Kubernetes create 5 year certificate for kubeapi

Question

While creating the kubernetes cluster using kubeadm in Centos 7, its creating one year kubeapi certificate. For me this is short time for the cluster. How can I create 5 year certificate during cluster setup?

* SSL connection using TLS_ECDHE_RSA_WITH_CHACHA20_POLY1305_SHA256
* Server certificate:
*       subject: CN=kube-apiserver
*       start date: Dec 20 14:32:00 2017 GMT
*       expire date: Dec 20 14:32:00 2018 GMT
*       common name: kube-apiserver
*       issuer: CN=kubernetes

I tried this didn't work:

openssl genrsa -out ca.key 2048
export MASTER_IP=192.168.16.171
openssl req -x509 -new -nodes -key ca.key -subj "/CN=${MASTER_IP}" -days 10000 -out ca.crt
kubeadm reset
rm -rf /etc/kubernetes
mkdir -p /etc/kubernetes/ca/pki
cp ca.key ca.crt /etc/kubernetes/ca/pki/
kubeadm init
curl -k -v https://localhost:6443

Server certificate:
*       subject: CN=kube-apiserver
*       start date: Apr 15 21:07:24 2018 GMT
*       expire date: Apr 15 21:07:25 2019 GMT
*       common name: kube-apiserver
*       issuer: CN=kubernetes

Thanks SR

Answer 1

After looking at the code, there is no option to change the API certificate expire date. It set to 1 year in the code.

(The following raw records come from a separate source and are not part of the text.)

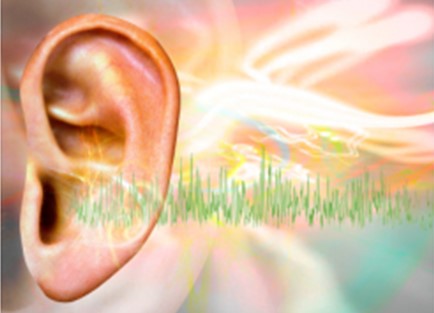 Como funciona nossa audição
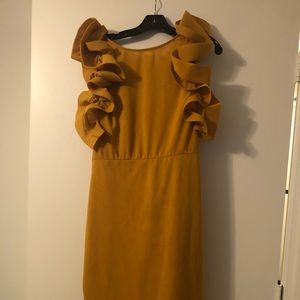 Ruffled Sleeve Dress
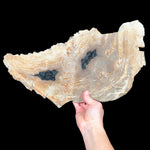 Large Petrified Wood Slab from Indonesia
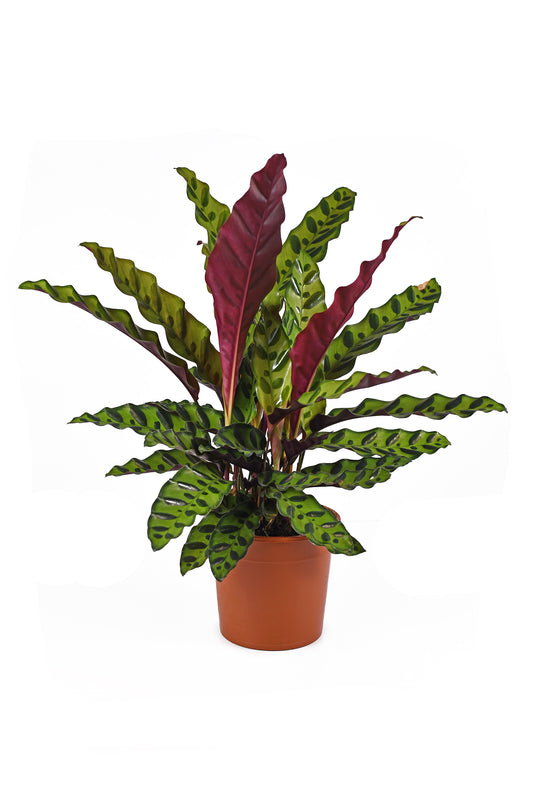 Calathea Lancifolia - Planta De Interior - Altura Total Aprox. 60cm._0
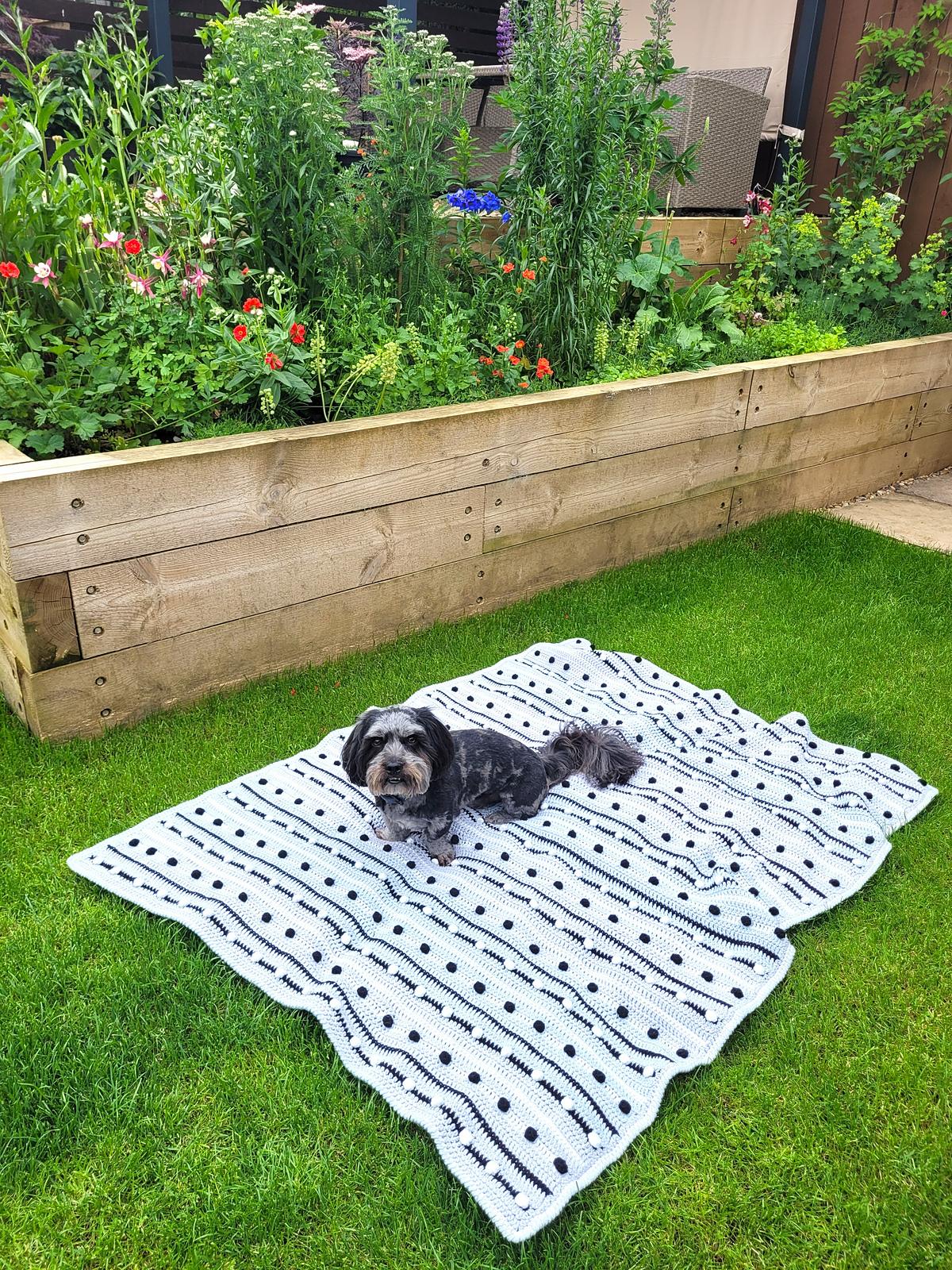 Dotty Dash Blanket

https://github.com/kubernetes/client-go/blob/master/util/cert/cert.go

// NewSelfSignedCACert creates a CA certificate
func NewSelfSignedCACert(cfg Config, key *rsa.PrivateKey) (*x509.Certificate, error) {
    now := time.Now()
    tmpl := x509.Certificate{
        SerialNumber: new(big.Int).SetInt64(0),
        Subject: pkix.Name{
            CommonName:   cfg.CommonName,
            Organization: cfg.Organization,
        },
        NotBefore:             now.UTC(),
        NotAfter:              now.Add(duration365d * 10).UTC(),
        KeyUsage:              x509.KeyUsageKeyEncipherment | x509.KeyUsageDigitalSignature | x509.KeyUsageCertSign,
        BasicConstraintsValid: true,
        IsCA: true,
    }

    certDERBytes, err := x509.CreateCertificate(cryptorand.Reader, &tmpl, &tmpl, key.Public(), key)
    if err != nil {
        return nil, err
    }
    return x509.ParseCertificate(certDERBytes)
}

Answer 2

Follow the Kubernetes documentation on certificates to the CA certificate.

If you choose openssl or easyrsa use --days=1825, if you are going with cfssl then in ca-config.json specify 5y for .signing.default.expiry.

Put the resulting ca.crt and ca.key in /etc/kubernetes/ca/pki. When you run kubeadm init it will detect those files and will not overwrite them; it will use that CA key & certificate to sign the other certificates needed.